EXERCISE OBJECTIVE ▸ Nothing but the lines below from the one with "Val Gardena: maestri" through the one with "Audemars Piguet Royal" should be output, each exactly as given, and no pictures.

DATA TO EXAMINE ▸
******************************

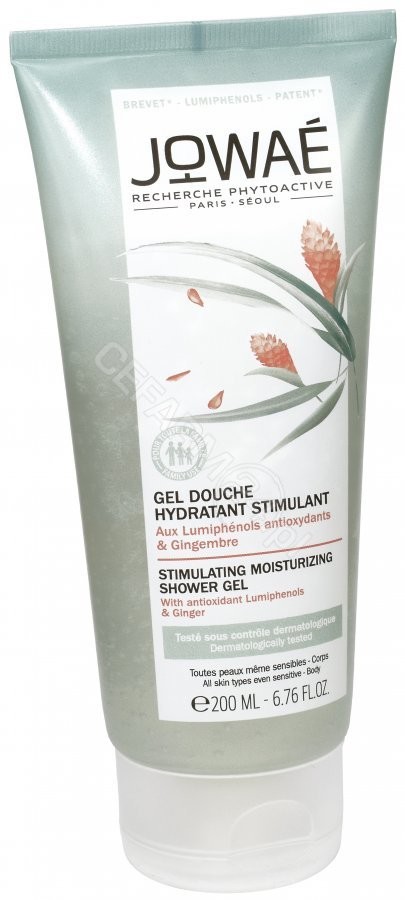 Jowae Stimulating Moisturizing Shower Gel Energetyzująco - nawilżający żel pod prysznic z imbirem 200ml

******************************

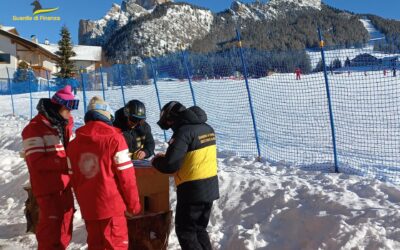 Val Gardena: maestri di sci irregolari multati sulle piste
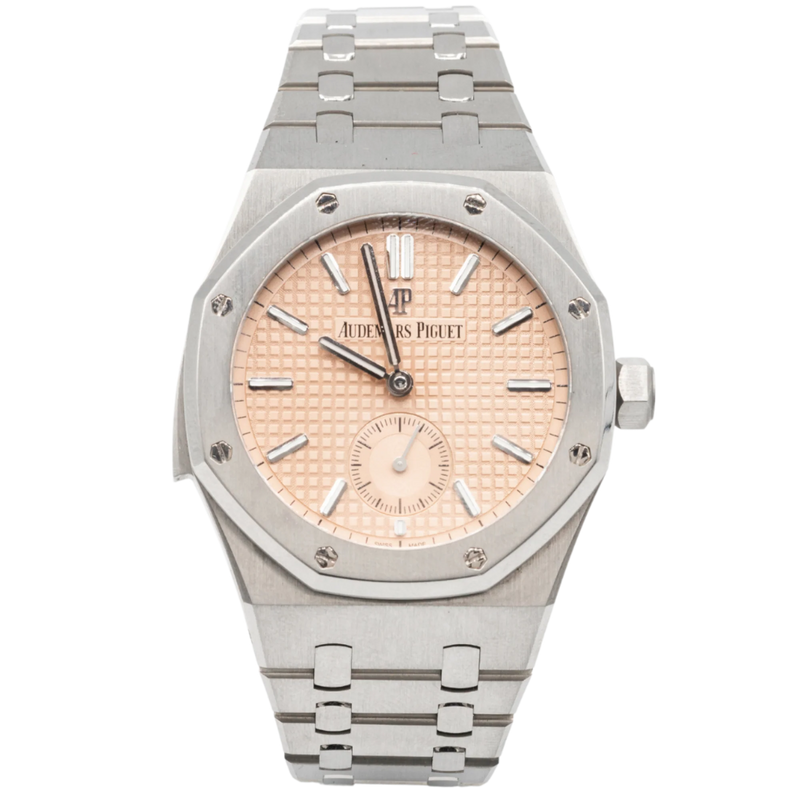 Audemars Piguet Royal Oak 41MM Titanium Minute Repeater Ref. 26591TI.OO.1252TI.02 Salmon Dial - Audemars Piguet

******************************

SOLUTION TO THIS PROBLEM ▸
 Val Gardena: maestri di sci irregolari multati sulle piste
 Audemars Piguet Royal Oak 41MM Titanium Minute Repeater Ref. 26591TI.OO.1252TI.02 Salmon Dial - Audemars Piguet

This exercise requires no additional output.